That is not to say that King is really an elf, or even another Hans Christian Andersen. His “magic” is really digital effects wizardry and relatively uncomplicated by Hollywood CGI standards. His six-second shorts do not, and are not meant to, “prove” the existence of a supernaturally charged substrata to our mundane world. Even if they did, they diverge from the fairy tale pattern in some regards. Most of his videos have a certain quality of wish-fulfillment to them. In one, King snatches a live kitten out of his computer screen after proclaiming, “Oh, I just. . . I want!” As C. S. Lewis recognized in The Abolition of Man, applied scientific technology and alchemical magic both derived from the same desire: to make the natural world subservient to our wants. King’s videos—which blur the distinctions between technology and magic—present this tendency in a hyperbolized manner. Thus, despite his buoyant defiance of fixed laws, Zach King is still embedded in what Charles Taylor would consider our disenchanted secular age.
Even so, I’m not ready to concede that the videos are nothing more than self-serving fluff. Despite the control King asserts over his environment in these videos, the real delight of them is the “gosh-wow” moment of reversal, the rapid-fire transition from our earth to the land of fairy.
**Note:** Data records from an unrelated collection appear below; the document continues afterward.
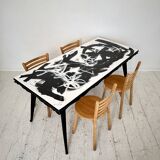 Abstract Painted Dining Table in Black and White, 1953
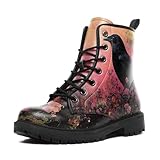 coolcustomize Gothic Combat Boots for Women & Men – Punk Rock Lace-Up Chuncky Heel Ankle Boots Vegan Leather Waterproof Black work boots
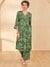 Womens Green Occasion  Leafy Print  Kurta Set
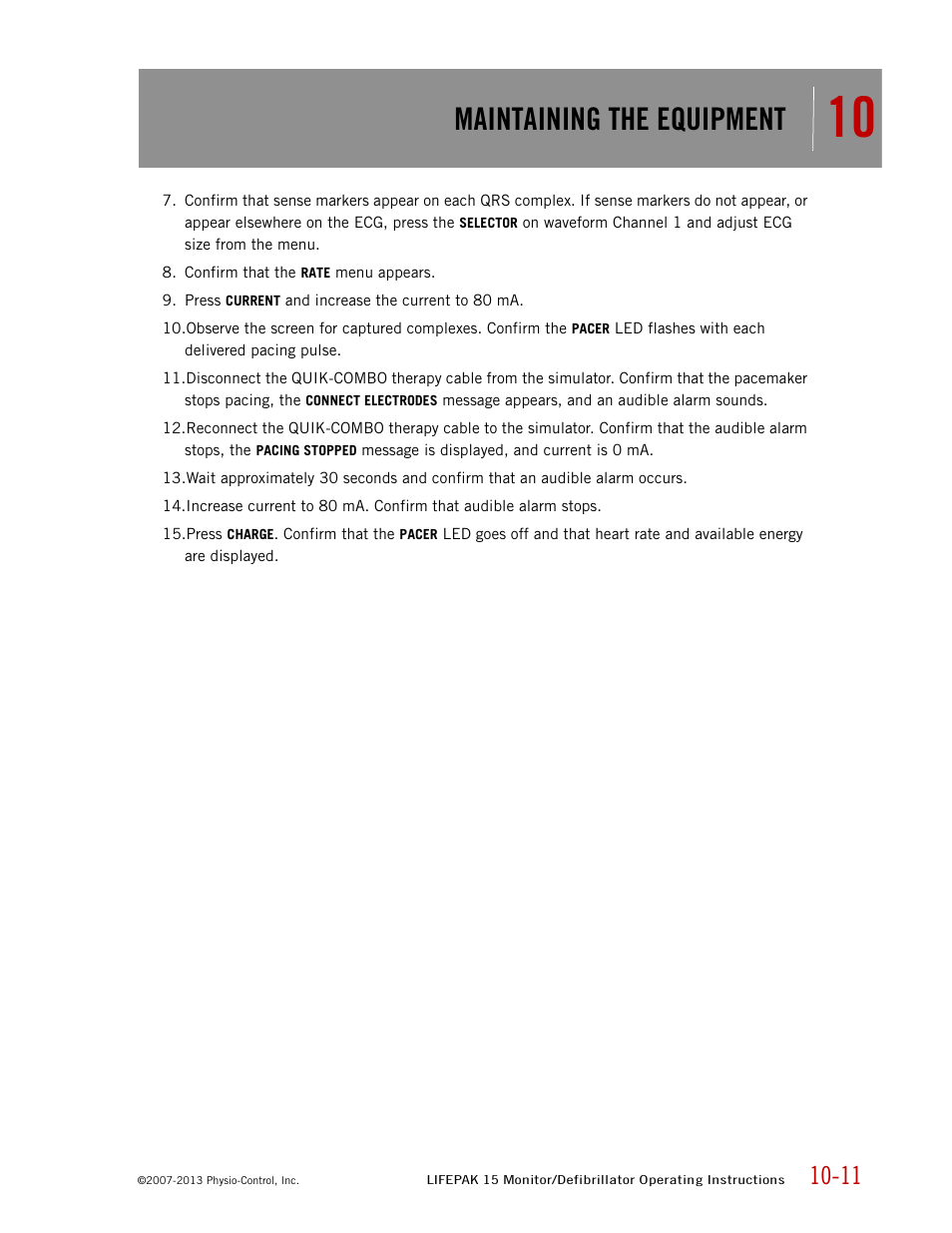 Maintaining the equipment | Physio-Control LIFEPAK 15 User Manual | Page 217 / 290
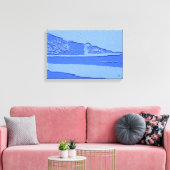 Blauw landschap canvas afdruk (Insitu (Woonkamer))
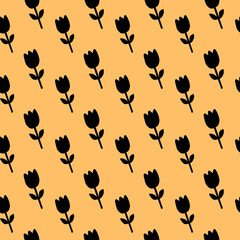 Black Tulip Pattern on Orange Background Floral Pattern Seamless Flower Pattern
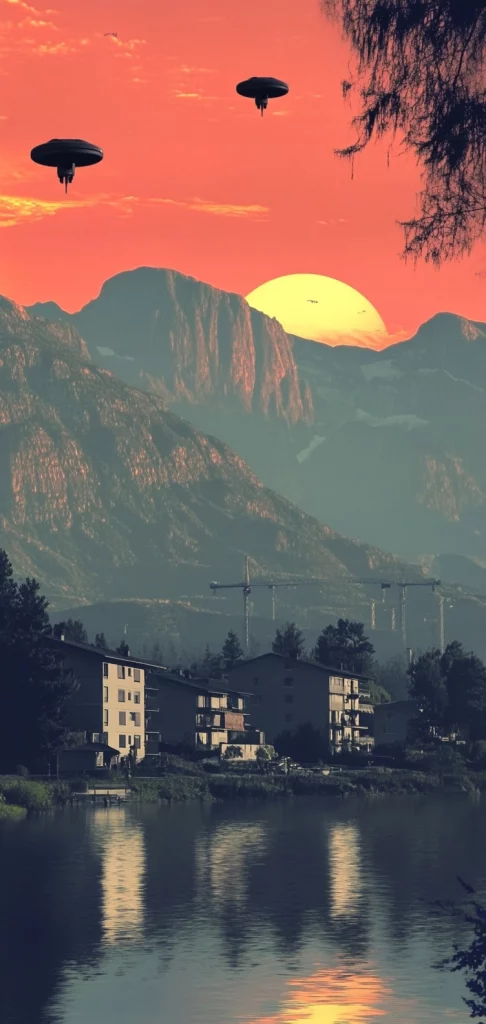 Sunset Gradient and Silhouettes - Illustration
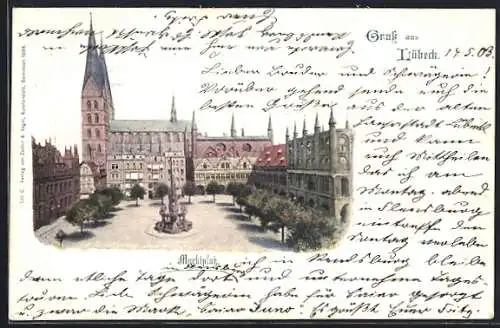 AK Lübeck, Marktplatz aus der Vogelschau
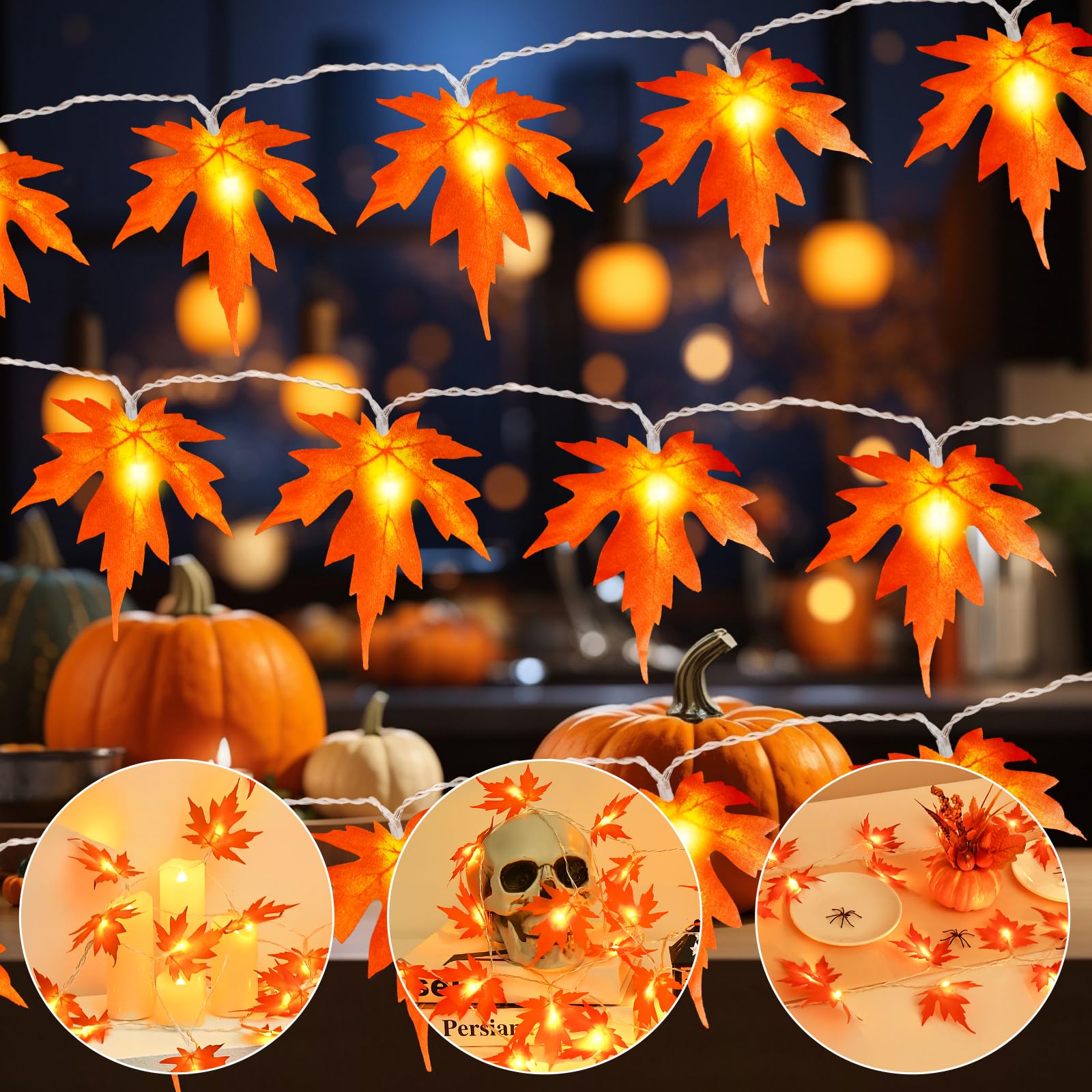 Autumn Decorations Fairy Lights, 3M 20LED Maple Leaves String Lights Battery Operated with Timer,Artificial Maple Leaf Autumn Garland for Halloween Theme Party,Carnival,Porch,Window,Fall Decor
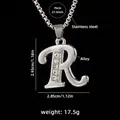 Silver stainless steel R-letter necklace with rhinestones on a 70cm link chain - Letter R + 70cm Chain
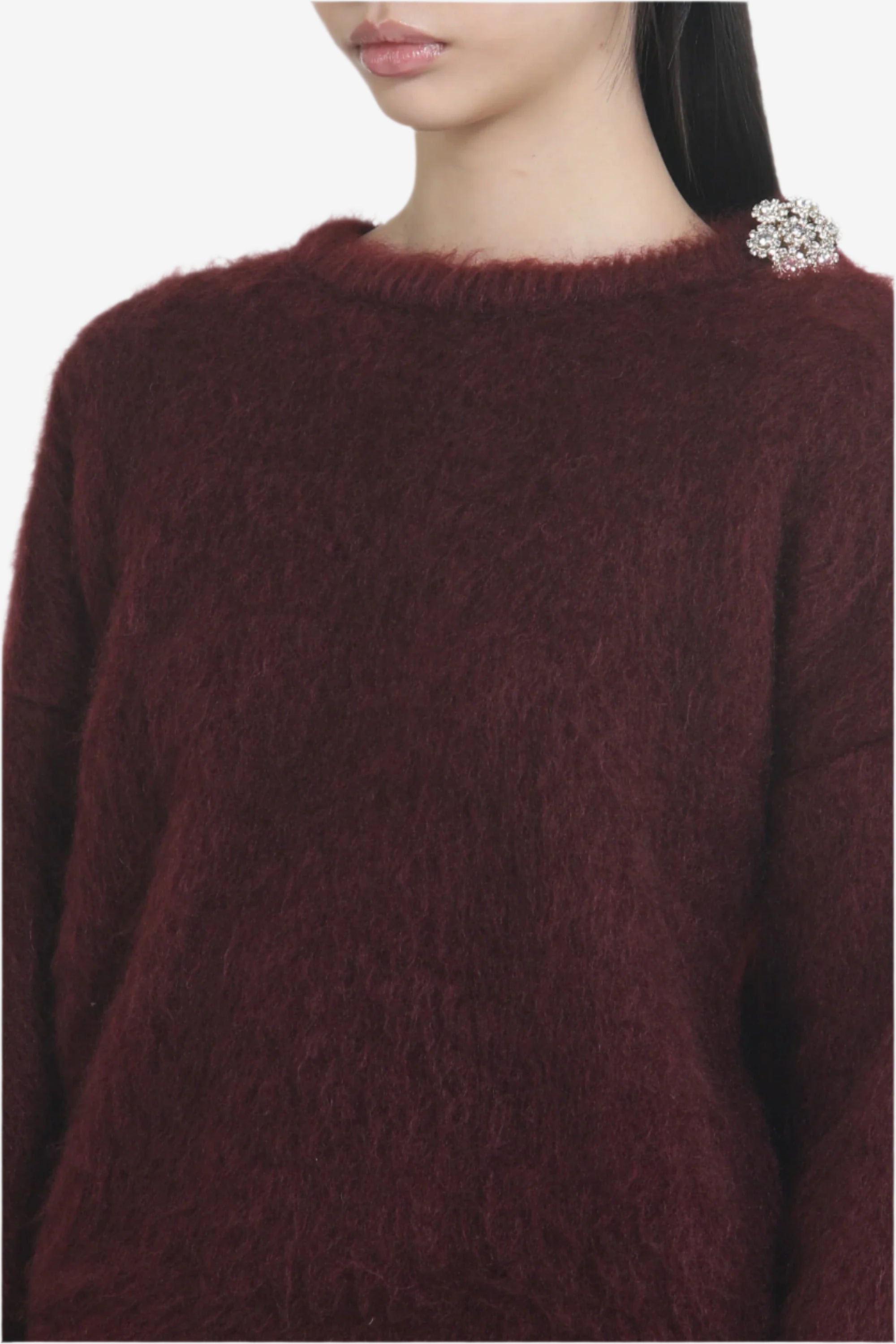 Maglione con bottone gioiello a fiore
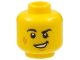 Part No: 3626cpb2519  Name: Minifigure, Head Black Eyebrows, Right Rounded, Medium Nougat Scuff Mark and Chin Dimple, Lopsided Open Mouth Smile with Teeth Pattern - Hollow Stud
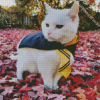 White Hufflepuff Kitty Diamond Painting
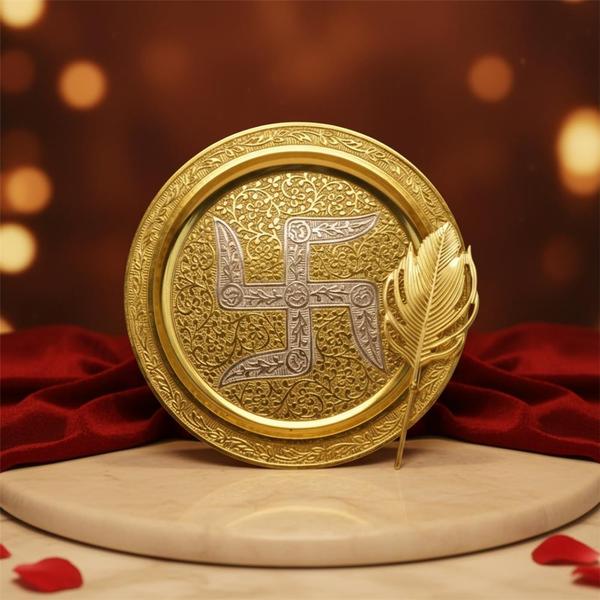 Temple Grade Pooja Thali Set with Diya & Bowls Traditional Mandir Aarti Plate Aluminium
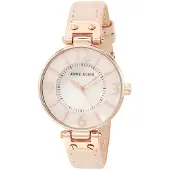 Anne Klein Montre pour femme , bracelet en cuir, couleur blush/rose doré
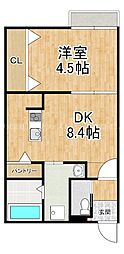 メゾン・ド・メグ湖南 1DKの間取図画像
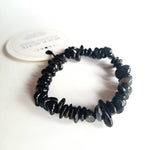 BLACK AGATE CRYSTAL CHIPSTONE BRACELET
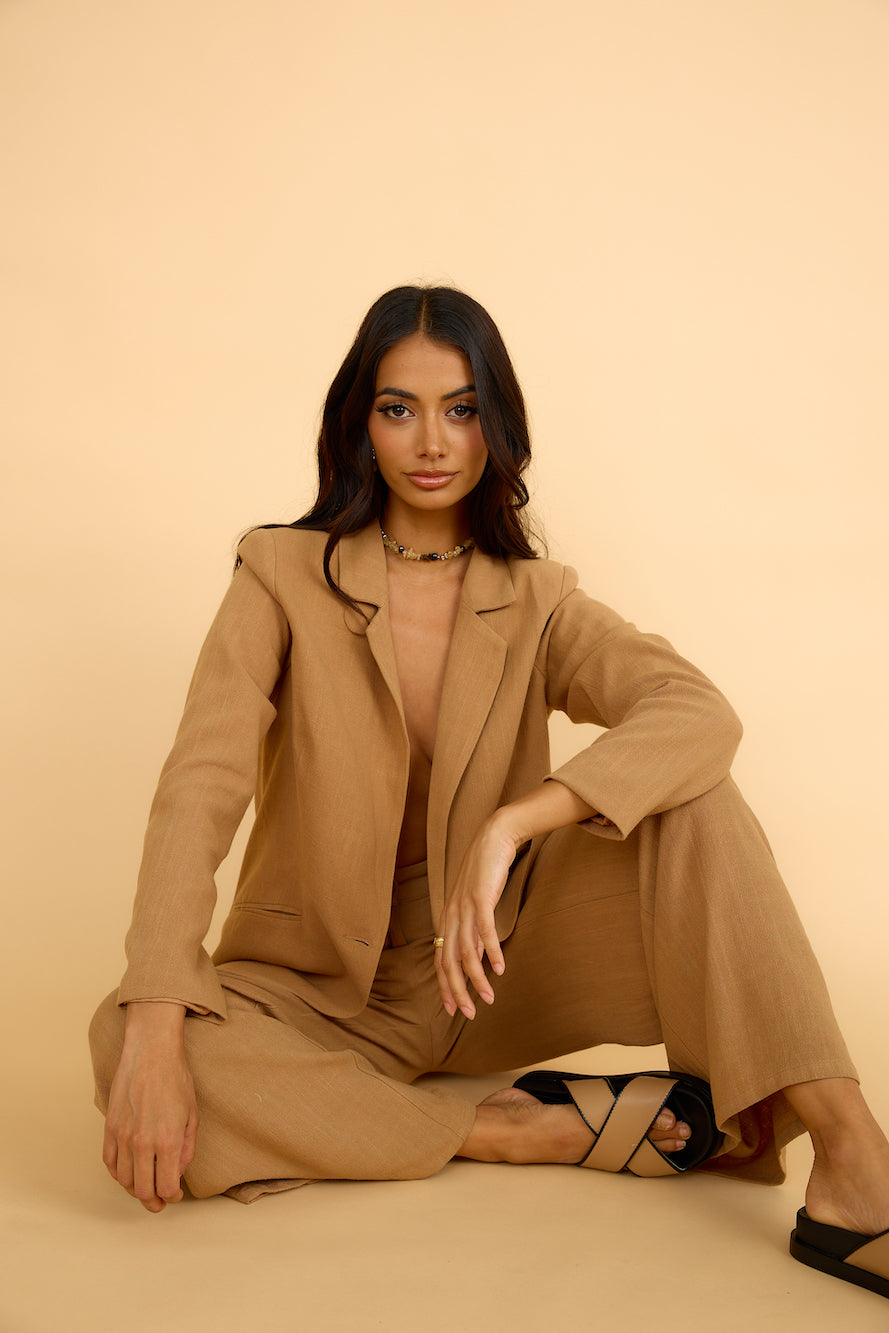 GIRL AND THE SUN Dolores Blazer Walnut-Seaa Fashion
When he scoops up a cloud and eats it, we are thrilled not because he has discovered yet another type of fast food but because, deep down, we have all looked on clouds with child-like wonder and wanted to munch on them too. That sudden shift of perspective is what gives short forms of poetry their magic, as when Edward Lear writes of a Young Lady who can play the harp with her chin or when Bashō writes,
How I long to see
among dawn flowers,
the face of God. (199)
It is the enchantment of Fairyland, where young boys and girls encounter magic palaces, and dragons intersect with the lives of millers and weavers and orphans.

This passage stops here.